(RECORDED DATA begins)
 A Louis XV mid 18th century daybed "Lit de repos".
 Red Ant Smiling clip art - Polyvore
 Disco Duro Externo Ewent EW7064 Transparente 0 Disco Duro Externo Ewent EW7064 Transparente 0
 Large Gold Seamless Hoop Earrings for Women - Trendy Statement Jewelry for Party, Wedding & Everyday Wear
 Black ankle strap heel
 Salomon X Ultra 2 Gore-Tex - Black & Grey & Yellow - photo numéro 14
(RECORDED DATA ends)
(RECORDED DATA begins)
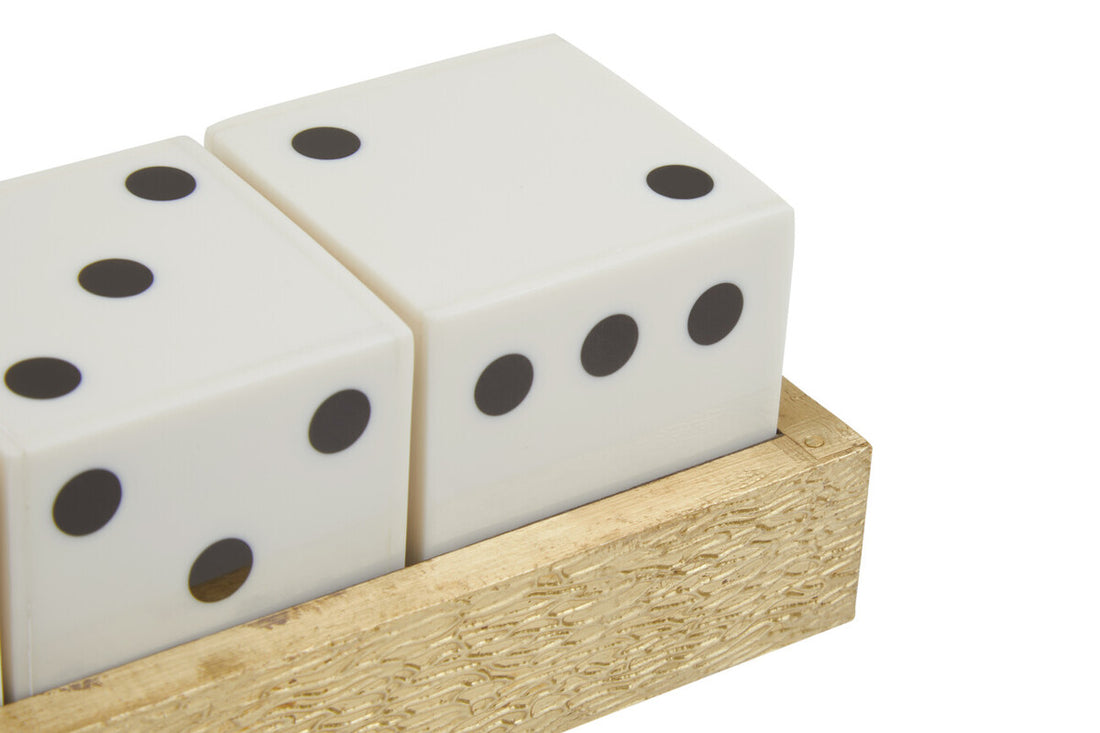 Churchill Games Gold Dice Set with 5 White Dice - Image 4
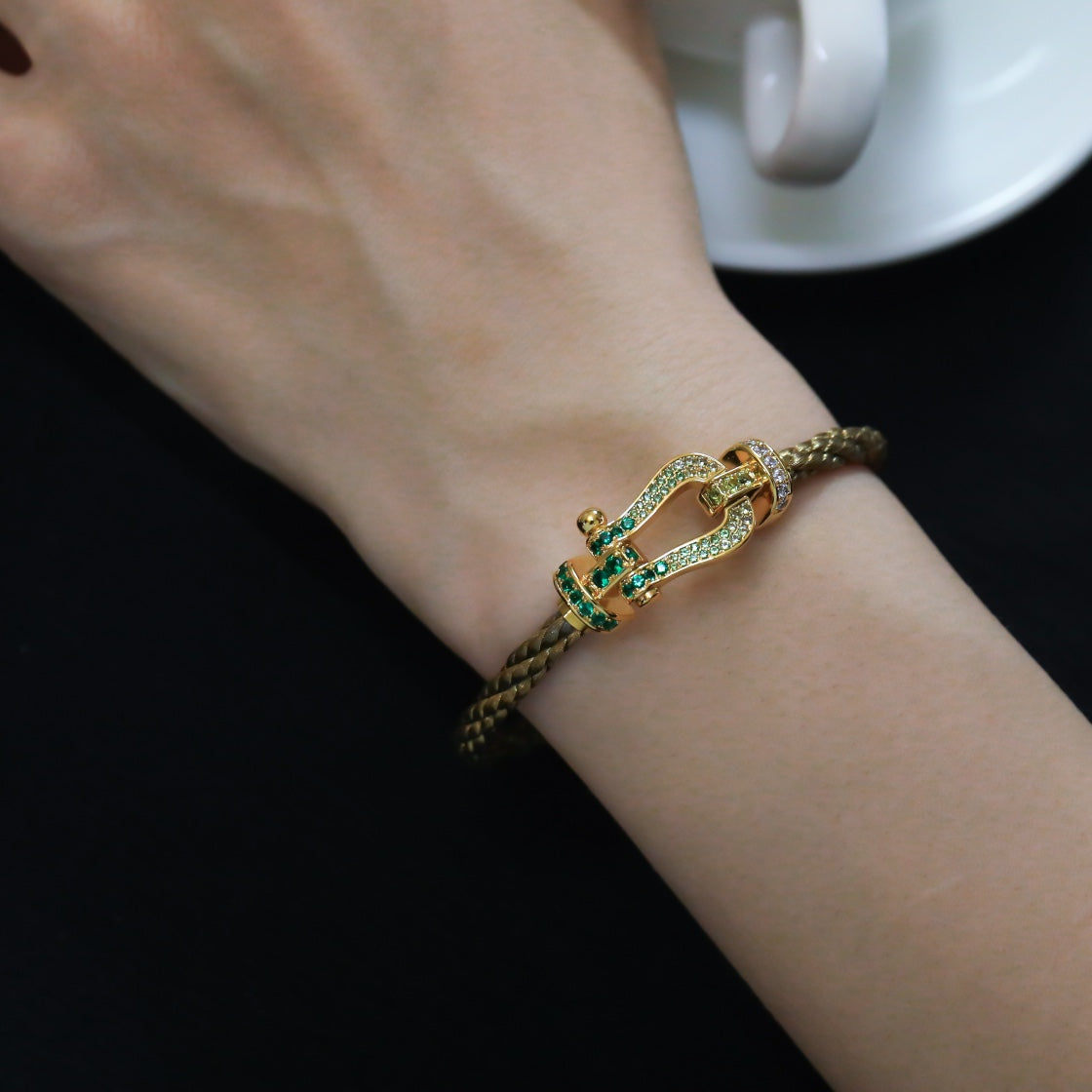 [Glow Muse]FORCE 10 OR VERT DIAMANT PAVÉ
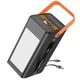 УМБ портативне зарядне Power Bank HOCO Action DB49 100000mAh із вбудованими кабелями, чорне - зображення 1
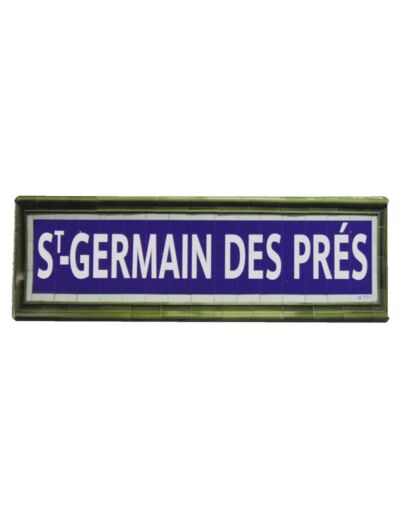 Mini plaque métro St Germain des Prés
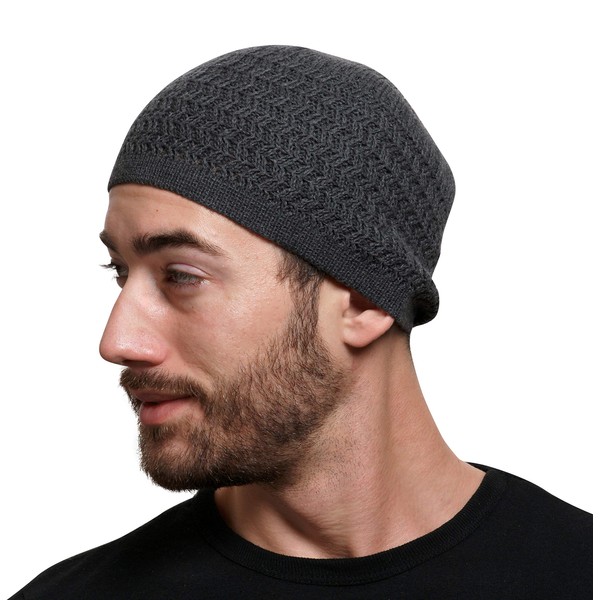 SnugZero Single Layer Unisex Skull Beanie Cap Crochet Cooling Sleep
(RECORDED DATA ends)
→ **TASK GOAL**: I'd like the lines above repeated exactly, from the one that contains "Mini plaque métro St Germain des Prés" through the one that contains "SnugZero Single Layer", with no pictures.

→ **REPLY TO THE EXERCISE**:
 Mini plaque métro St Germain des Prés
 SnugZero Single Layer Unisex Skull Beanie Cap Crochet Cooling Sleep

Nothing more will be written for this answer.